(Saved entries)
◆ ◆ ◆ ◆

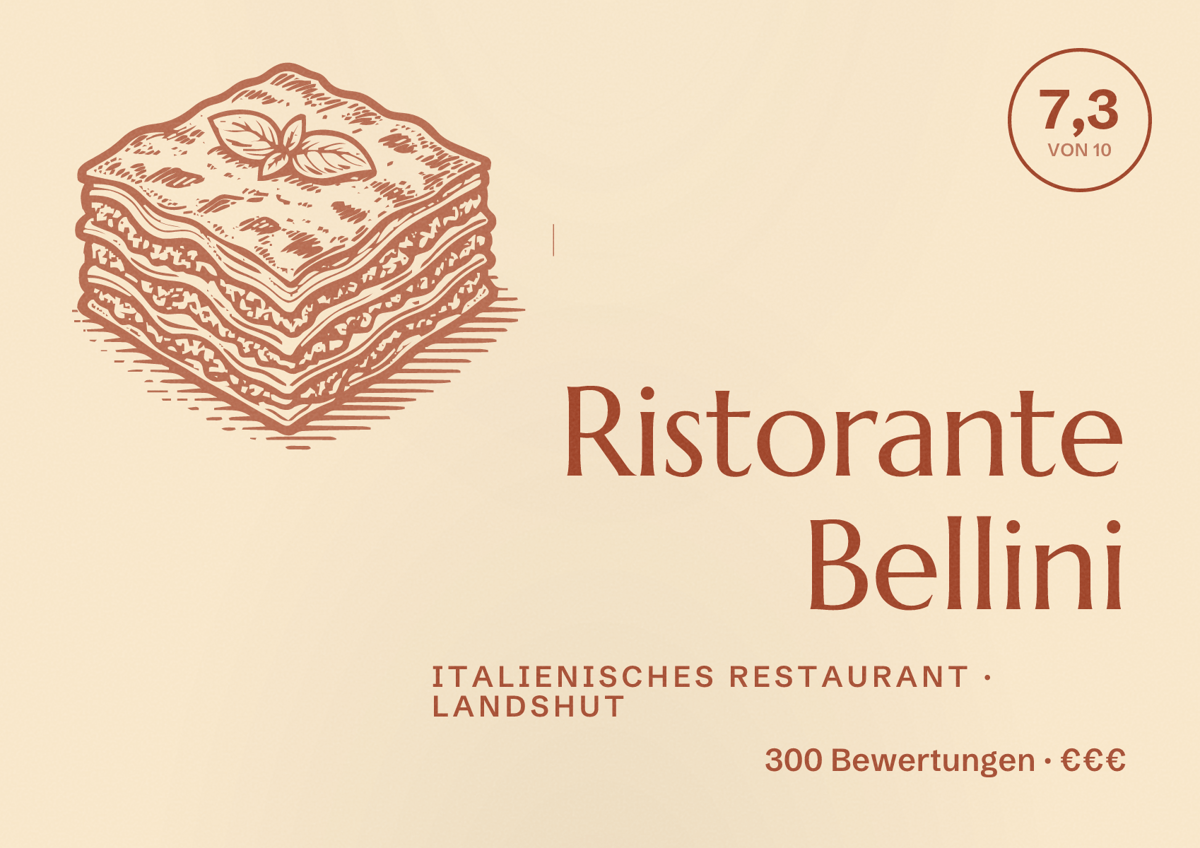 Illustriertes Poster von Ristorante Bellini, Italienisches Restaurant in Landshut: Bewertung 7,3 von 10 aus 300 Bewertungen, Preisniveau €€€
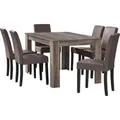 Produktbild: [en.casa] Esstisch Eiche antik mit 6 Stühlen braun Kunstleder gepolstert 140x90 Essgruppe Esszimmer - Braun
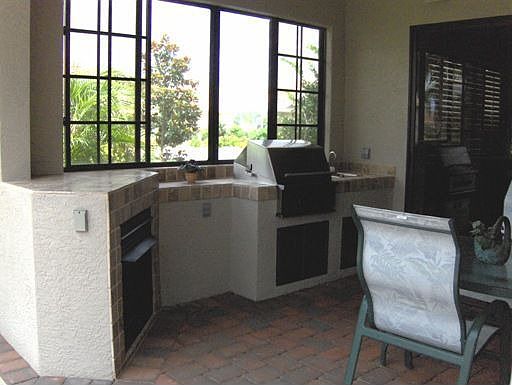 Outdoor Kitchen with Fireplace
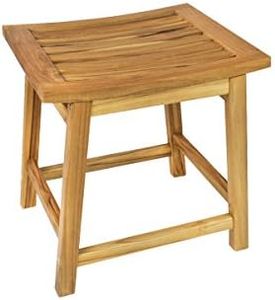 Thirteen Chefs 18 Inch Wooden Saddle Seat Shower Stool, Backless Low Satori Style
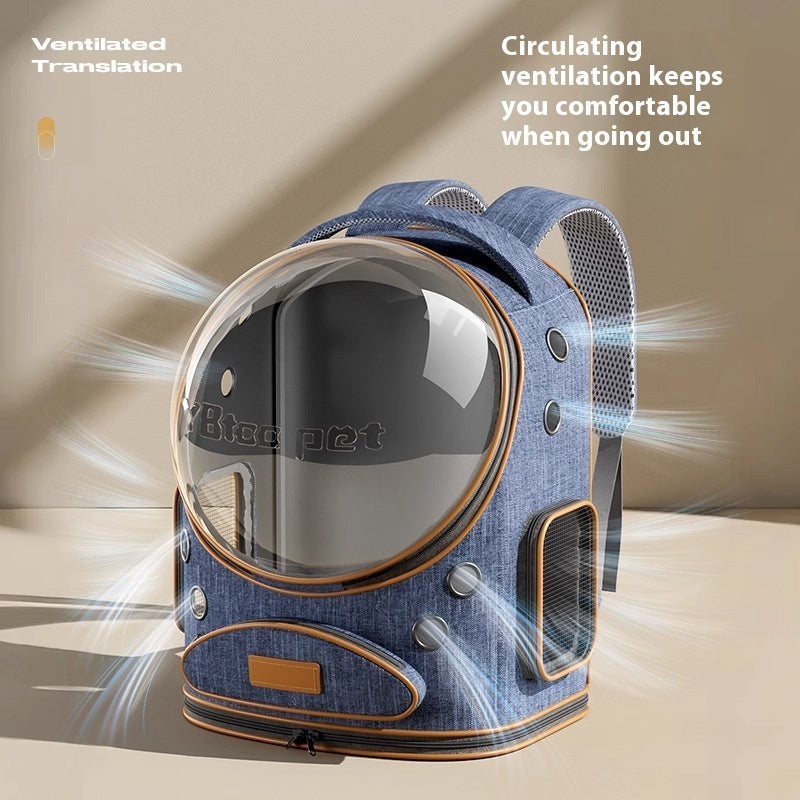 KTX-508563 Cat Backpack with Panoramic Transparent Window - Lightweight Oxford Cloth, Large Capacity for Pets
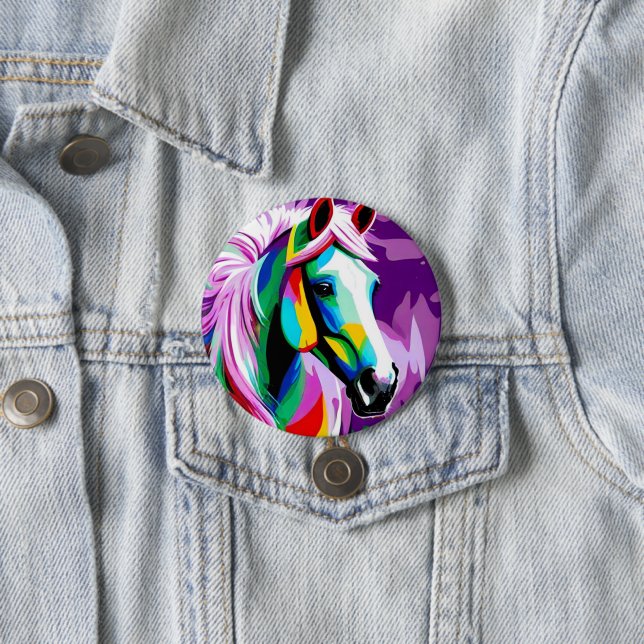 Colourful Pony 7.5 Cm Round Badge (In Situ)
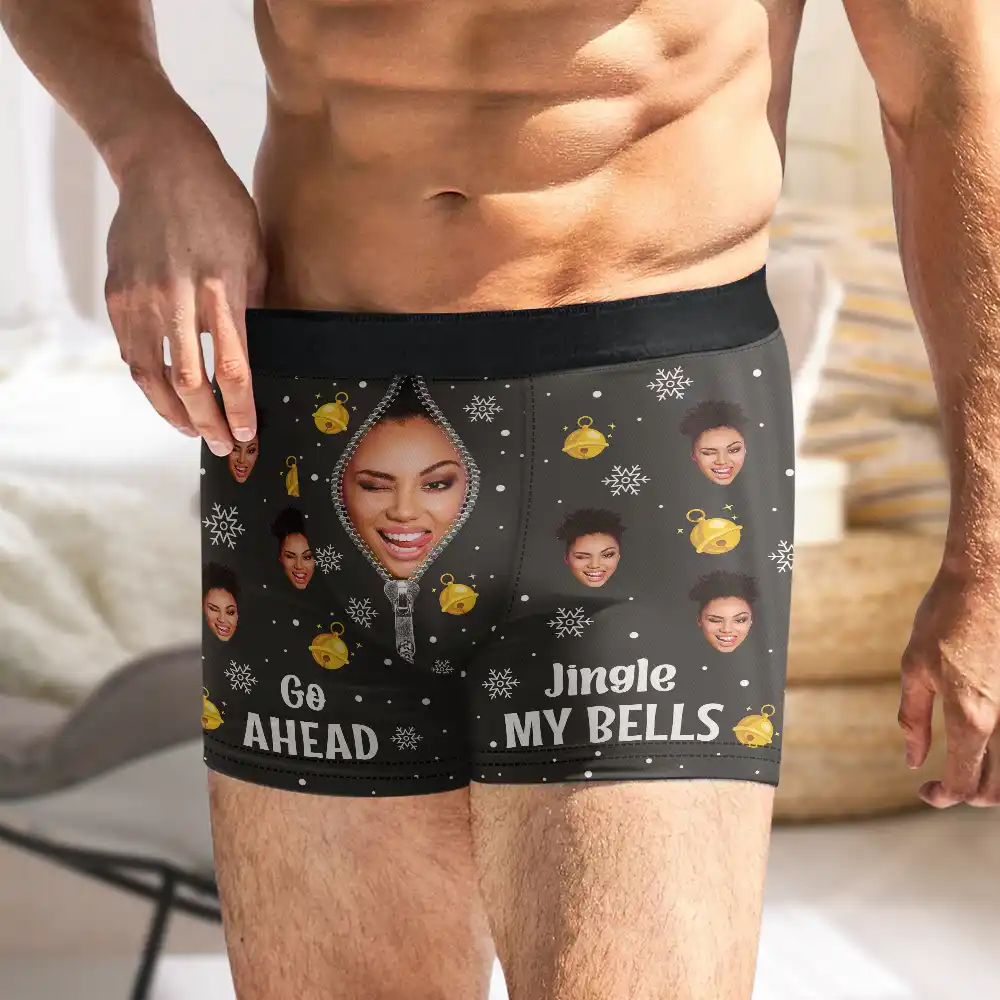 Custom Photo Funny Go Ahead Jingle My Bells - Personalized Men's Boxer Briefs - Image 6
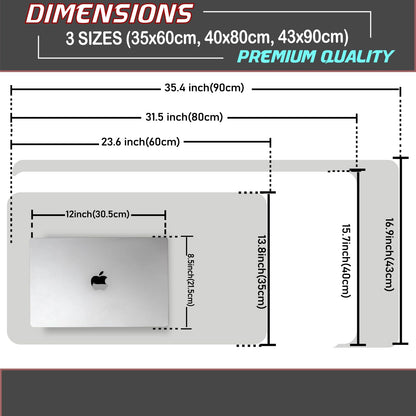 KKTECH Leather Desk Pad, Non-Slip, Mouse Pad, Premium Office Table Writing Mat for Laptop Writing, Waterproof Leather Mat (Silver, 60 x 35)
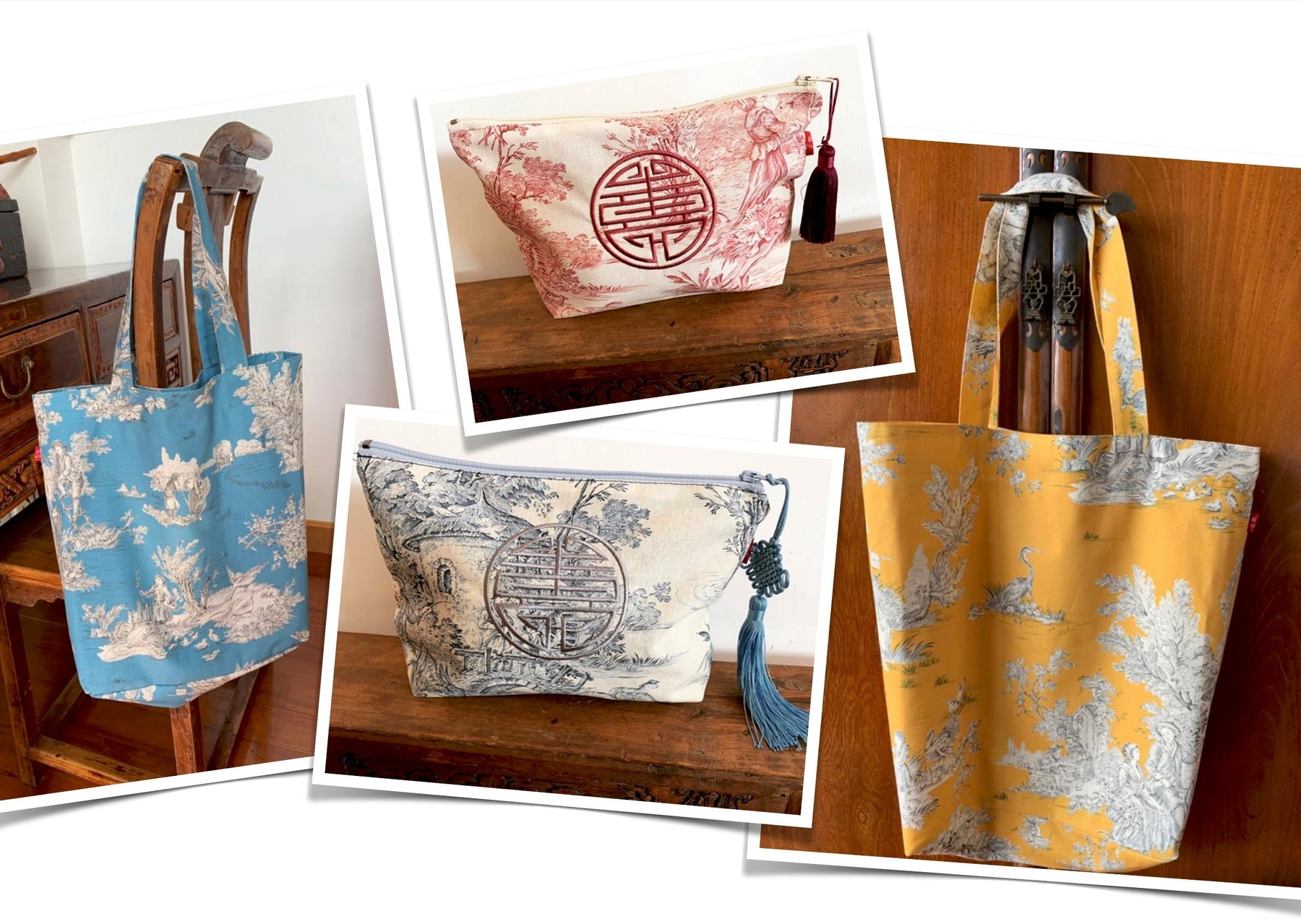 Les sacs et pochettes en toile de Jouy - TissusPapi.com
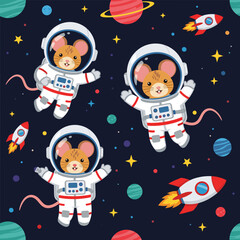 Adorable mice astronauts floating in space, perfect for children's books, textiles, or websites.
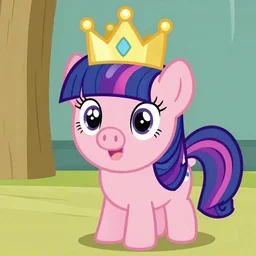 pig wearing a crown in the style of my little pony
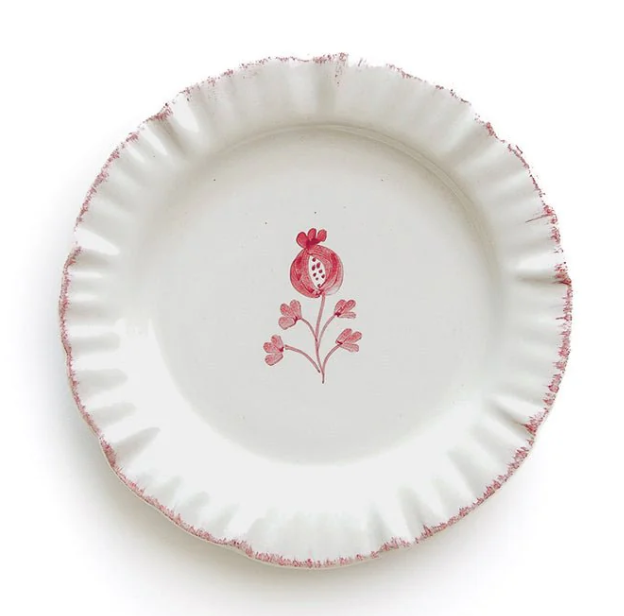 Ruffled Rose Appetizer Plate Rose set of 4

◆ ◆ ◆ ◆

Print again, word for word, every line from the line with "KTX-508563 Cat Backpack" to the final line of the records, inclusive; skip the pictures.

 KTX-508563 Cat Backpack with Panoramic Transparent Window - Lightweight Oxford Cloth, Large Capacity for Pets
 Colourful Pony 7.5 Cm Round Badge (In Situ)
 Custom Photo Funny Go Ahead Jingle My Bells - Personalized Men's Boxer Briefs - Image 6
 KKTECH Leather Desk Pad, Non-Slip, Mouse Pad, Premium Office Table Writing Mat for Laptop Writing, Waterproof Leather Mat (Silver, 60 x 35)
 Les sacs et pochettes en toile de Jouy - TissusPapi.com
 Adorable mice astronauts floating in space, perfect for children's books, textiles, or websites.
 pig wearing a crown in the style of my little pony
 Ruffled Rose Appetizer Plate Rose set of 4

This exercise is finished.